▶ _Aim of the task_:
Every entry below should be written out exactly, and no image should appear.

▶ _Material for this exercise_:
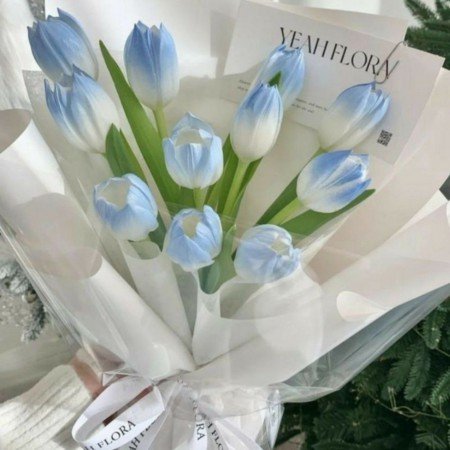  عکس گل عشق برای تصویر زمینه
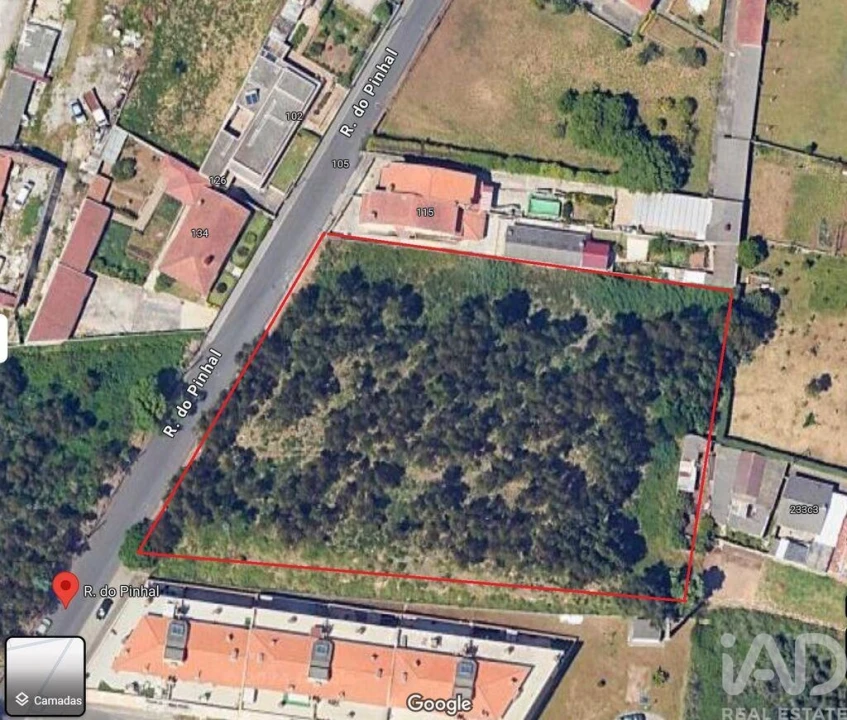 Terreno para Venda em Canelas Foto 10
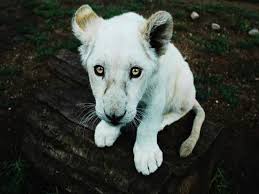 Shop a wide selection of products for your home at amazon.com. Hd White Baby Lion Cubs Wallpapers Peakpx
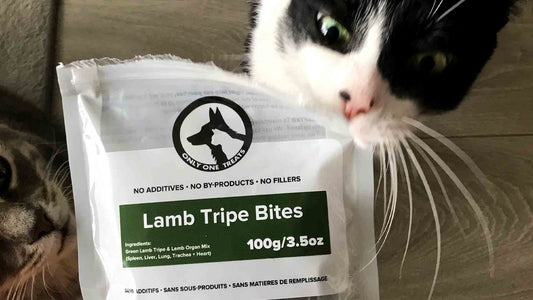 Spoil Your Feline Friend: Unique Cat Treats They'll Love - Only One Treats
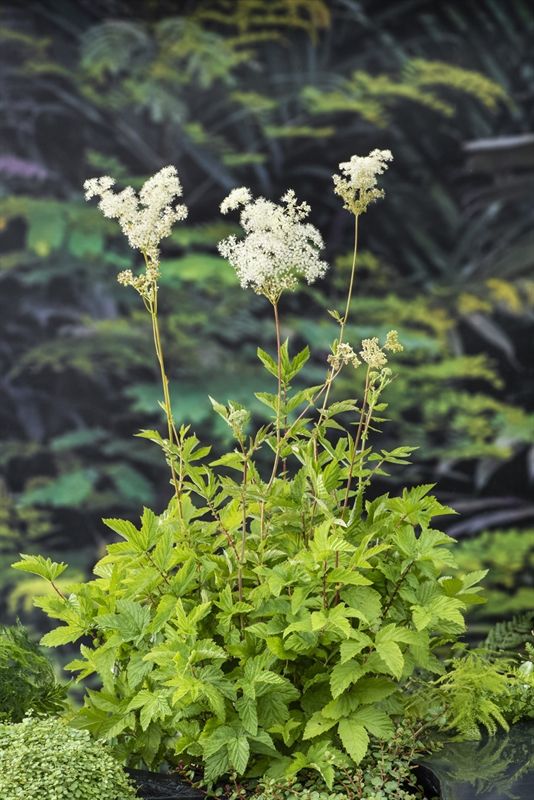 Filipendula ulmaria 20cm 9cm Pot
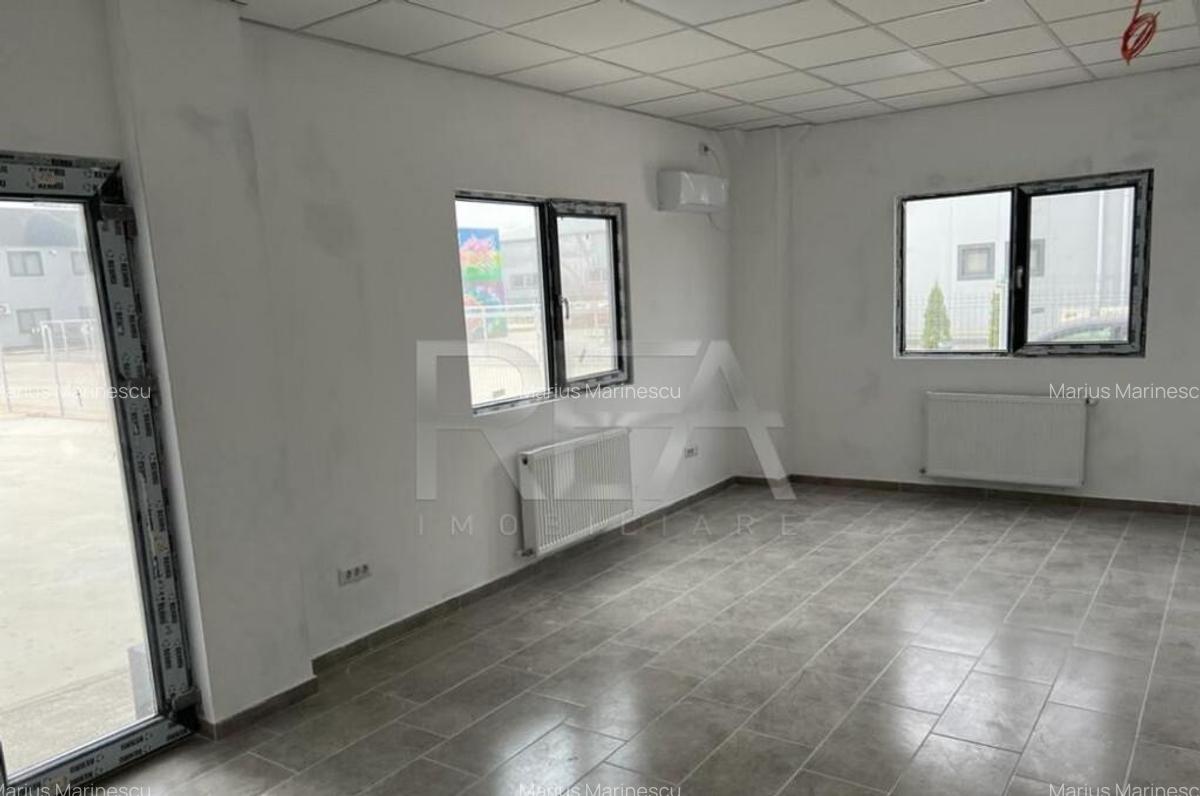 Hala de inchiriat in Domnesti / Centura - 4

▶ _Response area_:
  عکس گل عشق برای تصویر زمینه
 Terreno para Venda em Canelas Foto 10
 Shop a wide selection of products for your home at amazon.com. Hd White Baby Lion Cubs Wallpapers Peakpx
 Spoil Your Feline Friend: Unique Cat Treats They'll Love - Only One Treats
 Filipendula ulmaria 20cm 9cm Pot
 Hala de inchiriat in Domnesti / Centura - 4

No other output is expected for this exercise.